> [HOW TO COMPLETE THIS TASK]: Go through the records and show each line where the word "Main" occurs.

[Opening LISTED ENTRIES section]

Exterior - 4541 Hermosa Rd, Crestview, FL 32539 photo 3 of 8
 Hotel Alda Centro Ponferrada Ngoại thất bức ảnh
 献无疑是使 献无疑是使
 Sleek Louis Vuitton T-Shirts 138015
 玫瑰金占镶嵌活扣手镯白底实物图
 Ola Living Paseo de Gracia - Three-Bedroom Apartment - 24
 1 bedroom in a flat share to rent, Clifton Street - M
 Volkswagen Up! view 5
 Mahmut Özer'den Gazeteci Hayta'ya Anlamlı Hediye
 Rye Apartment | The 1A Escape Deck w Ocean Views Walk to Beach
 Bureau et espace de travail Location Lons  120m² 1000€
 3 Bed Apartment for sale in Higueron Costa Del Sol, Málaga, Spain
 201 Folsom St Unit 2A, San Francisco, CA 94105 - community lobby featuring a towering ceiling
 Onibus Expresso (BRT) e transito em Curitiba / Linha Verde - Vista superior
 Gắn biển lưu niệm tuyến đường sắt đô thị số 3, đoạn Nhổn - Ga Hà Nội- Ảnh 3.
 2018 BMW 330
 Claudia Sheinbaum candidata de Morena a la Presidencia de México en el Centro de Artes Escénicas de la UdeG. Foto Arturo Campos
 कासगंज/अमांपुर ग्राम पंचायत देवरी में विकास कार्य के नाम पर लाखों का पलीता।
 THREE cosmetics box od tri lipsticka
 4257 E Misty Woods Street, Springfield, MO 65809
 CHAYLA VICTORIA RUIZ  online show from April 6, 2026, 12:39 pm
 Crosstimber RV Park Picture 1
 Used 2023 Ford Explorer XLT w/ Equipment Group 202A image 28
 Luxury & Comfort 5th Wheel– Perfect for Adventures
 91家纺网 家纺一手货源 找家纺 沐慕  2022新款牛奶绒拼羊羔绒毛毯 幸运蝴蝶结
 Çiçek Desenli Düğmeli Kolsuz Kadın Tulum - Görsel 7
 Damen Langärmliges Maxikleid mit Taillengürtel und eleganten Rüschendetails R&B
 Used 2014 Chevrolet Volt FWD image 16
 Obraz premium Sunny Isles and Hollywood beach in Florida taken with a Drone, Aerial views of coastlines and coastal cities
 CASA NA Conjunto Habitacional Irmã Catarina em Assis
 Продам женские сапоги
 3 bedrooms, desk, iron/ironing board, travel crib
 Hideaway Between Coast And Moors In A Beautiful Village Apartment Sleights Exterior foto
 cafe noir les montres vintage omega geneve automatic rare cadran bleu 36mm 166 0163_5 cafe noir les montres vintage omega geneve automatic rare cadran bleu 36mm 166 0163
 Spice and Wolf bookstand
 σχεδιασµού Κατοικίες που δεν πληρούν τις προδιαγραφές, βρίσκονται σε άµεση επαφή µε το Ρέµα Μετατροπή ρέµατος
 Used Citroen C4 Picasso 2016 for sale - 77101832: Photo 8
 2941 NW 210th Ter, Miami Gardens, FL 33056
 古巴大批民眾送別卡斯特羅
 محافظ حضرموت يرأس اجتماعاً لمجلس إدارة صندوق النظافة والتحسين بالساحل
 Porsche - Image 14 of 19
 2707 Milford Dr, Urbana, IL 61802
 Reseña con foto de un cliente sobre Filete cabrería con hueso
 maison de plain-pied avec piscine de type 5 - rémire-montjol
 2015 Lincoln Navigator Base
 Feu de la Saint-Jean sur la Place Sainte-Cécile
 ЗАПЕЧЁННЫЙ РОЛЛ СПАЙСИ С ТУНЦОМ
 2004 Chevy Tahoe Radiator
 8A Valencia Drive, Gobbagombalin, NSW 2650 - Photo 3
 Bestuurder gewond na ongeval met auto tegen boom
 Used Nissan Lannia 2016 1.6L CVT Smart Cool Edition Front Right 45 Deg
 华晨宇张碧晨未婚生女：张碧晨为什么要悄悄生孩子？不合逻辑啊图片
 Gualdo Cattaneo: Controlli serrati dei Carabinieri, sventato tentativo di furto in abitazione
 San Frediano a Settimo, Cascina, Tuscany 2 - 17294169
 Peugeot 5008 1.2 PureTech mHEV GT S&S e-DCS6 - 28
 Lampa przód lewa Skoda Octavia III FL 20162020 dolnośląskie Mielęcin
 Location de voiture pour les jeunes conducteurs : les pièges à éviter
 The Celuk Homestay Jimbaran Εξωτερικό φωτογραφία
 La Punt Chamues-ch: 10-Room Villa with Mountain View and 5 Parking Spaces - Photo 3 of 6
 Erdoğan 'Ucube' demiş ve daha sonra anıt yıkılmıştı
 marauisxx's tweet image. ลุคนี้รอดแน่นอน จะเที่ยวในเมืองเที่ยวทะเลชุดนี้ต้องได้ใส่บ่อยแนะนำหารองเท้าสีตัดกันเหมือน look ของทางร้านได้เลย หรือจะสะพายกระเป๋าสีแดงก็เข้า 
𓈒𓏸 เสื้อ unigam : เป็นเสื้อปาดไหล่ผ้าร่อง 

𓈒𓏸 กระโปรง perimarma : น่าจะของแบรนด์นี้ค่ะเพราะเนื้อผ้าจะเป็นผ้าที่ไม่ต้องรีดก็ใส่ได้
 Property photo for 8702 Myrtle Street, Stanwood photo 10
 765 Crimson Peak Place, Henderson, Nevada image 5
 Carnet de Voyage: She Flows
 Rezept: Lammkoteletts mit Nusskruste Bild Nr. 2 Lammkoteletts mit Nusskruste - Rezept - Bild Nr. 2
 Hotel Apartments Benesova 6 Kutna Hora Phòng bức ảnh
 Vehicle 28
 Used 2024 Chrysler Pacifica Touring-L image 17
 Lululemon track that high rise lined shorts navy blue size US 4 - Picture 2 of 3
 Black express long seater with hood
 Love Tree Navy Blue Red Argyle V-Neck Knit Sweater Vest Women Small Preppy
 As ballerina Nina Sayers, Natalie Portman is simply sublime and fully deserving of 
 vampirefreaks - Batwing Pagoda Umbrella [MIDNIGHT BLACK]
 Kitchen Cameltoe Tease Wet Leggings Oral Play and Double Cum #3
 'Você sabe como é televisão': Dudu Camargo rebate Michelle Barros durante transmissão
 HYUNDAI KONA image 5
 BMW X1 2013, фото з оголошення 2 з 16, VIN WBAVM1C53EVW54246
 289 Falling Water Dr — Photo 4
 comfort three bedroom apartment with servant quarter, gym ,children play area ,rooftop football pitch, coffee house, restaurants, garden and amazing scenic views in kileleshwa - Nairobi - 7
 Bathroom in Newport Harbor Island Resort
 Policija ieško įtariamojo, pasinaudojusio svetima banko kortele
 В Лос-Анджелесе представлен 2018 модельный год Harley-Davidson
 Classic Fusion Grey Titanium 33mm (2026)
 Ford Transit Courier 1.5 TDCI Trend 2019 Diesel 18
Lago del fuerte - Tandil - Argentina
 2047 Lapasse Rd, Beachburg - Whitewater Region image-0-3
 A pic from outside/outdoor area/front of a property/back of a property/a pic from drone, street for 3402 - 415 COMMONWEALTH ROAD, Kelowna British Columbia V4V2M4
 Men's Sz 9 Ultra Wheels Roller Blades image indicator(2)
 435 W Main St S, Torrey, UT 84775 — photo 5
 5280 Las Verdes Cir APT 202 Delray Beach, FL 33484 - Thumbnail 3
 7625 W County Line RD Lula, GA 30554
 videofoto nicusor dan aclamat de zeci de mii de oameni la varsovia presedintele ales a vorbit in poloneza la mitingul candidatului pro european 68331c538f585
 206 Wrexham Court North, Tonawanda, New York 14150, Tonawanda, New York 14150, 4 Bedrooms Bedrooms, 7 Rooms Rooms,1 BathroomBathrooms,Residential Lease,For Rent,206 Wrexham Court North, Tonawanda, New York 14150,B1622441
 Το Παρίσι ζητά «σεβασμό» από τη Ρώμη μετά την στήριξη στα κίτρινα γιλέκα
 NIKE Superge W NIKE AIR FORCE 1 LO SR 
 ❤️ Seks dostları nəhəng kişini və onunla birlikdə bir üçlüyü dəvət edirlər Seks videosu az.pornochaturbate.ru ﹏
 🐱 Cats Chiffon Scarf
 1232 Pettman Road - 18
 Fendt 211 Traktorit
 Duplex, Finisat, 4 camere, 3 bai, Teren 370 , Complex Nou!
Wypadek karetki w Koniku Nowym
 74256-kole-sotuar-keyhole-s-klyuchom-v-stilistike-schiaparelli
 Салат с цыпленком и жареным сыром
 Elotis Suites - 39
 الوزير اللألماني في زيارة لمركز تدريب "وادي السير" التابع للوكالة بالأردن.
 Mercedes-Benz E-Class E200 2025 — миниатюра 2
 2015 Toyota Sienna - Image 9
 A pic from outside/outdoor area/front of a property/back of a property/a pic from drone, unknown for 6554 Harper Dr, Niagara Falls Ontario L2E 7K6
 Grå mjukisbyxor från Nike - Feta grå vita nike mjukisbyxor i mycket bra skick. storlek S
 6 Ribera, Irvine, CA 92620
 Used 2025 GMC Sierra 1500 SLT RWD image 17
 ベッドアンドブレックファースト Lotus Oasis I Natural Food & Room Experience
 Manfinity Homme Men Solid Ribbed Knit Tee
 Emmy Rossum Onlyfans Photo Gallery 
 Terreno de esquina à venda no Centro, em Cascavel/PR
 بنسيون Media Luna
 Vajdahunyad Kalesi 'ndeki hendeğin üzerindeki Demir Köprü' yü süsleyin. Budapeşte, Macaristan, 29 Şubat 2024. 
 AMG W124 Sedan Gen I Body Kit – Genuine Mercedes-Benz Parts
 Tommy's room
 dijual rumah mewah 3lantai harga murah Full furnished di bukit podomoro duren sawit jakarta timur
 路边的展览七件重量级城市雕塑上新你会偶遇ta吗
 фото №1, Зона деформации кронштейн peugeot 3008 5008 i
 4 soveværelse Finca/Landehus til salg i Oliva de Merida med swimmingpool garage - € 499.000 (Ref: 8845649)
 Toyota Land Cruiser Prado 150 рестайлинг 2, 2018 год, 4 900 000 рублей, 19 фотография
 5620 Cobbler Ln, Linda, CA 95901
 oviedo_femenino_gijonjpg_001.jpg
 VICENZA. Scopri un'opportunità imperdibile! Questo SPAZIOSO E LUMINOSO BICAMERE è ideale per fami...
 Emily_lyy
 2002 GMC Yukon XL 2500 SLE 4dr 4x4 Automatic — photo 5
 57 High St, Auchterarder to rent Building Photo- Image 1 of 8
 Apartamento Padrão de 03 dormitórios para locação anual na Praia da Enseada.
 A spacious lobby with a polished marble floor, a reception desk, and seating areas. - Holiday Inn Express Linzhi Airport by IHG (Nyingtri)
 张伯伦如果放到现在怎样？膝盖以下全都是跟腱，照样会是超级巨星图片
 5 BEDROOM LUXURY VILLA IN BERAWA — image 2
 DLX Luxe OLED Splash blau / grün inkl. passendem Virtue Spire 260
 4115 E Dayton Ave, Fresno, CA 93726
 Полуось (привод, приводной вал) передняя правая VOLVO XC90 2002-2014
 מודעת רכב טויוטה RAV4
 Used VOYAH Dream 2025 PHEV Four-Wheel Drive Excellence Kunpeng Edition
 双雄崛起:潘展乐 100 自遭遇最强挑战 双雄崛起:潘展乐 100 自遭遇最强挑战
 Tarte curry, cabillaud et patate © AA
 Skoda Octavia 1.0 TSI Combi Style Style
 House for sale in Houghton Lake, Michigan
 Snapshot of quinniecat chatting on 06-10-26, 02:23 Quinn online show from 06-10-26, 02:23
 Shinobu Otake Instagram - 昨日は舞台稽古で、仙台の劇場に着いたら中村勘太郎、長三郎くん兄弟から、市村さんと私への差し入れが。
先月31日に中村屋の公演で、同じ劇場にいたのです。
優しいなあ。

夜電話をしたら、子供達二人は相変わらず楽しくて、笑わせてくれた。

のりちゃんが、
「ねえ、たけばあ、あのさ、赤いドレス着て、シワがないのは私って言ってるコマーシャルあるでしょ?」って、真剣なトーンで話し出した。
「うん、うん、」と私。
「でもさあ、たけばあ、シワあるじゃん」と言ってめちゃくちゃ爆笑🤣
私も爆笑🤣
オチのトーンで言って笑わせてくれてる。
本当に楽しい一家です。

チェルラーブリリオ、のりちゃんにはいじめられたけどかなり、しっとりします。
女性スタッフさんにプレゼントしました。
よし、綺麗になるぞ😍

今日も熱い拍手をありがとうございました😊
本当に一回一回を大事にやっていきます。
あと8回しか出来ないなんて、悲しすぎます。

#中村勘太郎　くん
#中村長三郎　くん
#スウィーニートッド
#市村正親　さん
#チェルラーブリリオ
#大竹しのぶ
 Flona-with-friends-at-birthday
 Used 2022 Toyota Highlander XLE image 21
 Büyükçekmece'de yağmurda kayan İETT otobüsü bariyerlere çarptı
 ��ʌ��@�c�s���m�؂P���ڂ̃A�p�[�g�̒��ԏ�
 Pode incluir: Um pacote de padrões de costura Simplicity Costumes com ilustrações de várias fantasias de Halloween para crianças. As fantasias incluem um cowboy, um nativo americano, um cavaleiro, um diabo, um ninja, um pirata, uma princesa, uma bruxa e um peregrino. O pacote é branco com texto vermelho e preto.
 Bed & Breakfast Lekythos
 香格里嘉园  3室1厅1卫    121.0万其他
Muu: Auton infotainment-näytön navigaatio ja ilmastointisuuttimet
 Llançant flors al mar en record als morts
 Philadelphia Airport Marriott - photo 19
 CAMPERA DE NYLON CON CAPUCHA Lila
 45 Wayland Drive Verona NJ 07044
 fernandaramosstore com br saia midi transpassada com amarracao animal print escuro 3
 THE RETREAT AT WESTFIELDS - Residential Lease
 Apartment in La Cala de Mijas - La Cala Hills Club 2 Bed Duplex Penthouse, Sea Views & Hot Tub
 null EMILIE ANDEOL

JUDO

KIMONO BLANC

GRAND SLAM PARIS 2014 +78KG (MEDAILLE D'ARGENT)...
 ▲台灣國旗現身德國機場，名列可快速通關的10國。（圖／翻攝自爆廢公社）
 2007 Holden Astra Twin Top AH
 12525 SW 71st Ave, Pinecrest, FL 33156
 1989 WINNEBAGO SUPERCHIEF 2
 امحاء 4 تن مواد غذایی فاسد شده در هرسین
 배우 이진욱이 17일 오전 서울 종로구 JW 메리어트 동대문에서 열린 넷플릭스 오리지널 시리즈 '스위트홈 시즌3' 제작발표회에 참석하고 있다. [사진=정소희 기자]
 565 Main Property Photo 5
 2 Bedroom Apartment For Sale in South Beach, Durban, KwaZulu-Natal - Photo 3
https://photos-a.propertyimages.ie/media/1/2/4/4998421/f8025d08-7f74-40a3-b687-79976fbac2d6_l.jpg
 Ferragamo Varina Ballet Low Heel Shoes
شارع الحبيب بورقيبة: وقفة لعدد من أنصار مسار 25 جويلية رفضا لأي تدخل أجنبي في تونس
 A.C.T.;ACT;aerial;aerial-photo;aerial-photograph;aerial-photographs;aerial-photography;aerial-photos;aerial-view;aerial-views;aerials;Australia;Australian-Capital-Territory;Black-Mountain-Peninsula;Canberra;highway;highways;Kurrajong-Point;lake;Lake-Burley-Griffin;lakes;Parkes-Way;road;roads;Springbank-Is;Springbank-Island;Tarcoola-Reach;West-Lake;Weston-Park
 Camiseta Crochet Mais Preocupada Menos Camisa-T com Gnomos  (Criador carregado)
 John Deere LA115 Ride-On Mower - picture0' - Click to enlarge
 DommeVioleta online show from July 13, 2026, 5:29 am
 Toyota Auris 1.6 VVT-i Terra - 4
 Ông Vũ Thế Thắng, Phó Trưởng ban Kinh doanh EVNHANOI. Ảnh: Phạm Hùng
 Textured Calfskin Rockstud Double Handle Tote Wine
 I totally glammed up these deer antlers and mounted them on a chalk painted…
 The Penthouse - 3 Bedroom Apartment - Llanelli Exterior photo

[Closing LISTED ENTRIES section]

> [SOLVED EXERCISE]:
 435 W Main St S, Torrey, UT 84775 — photo 5
 565 Main Property Photo 5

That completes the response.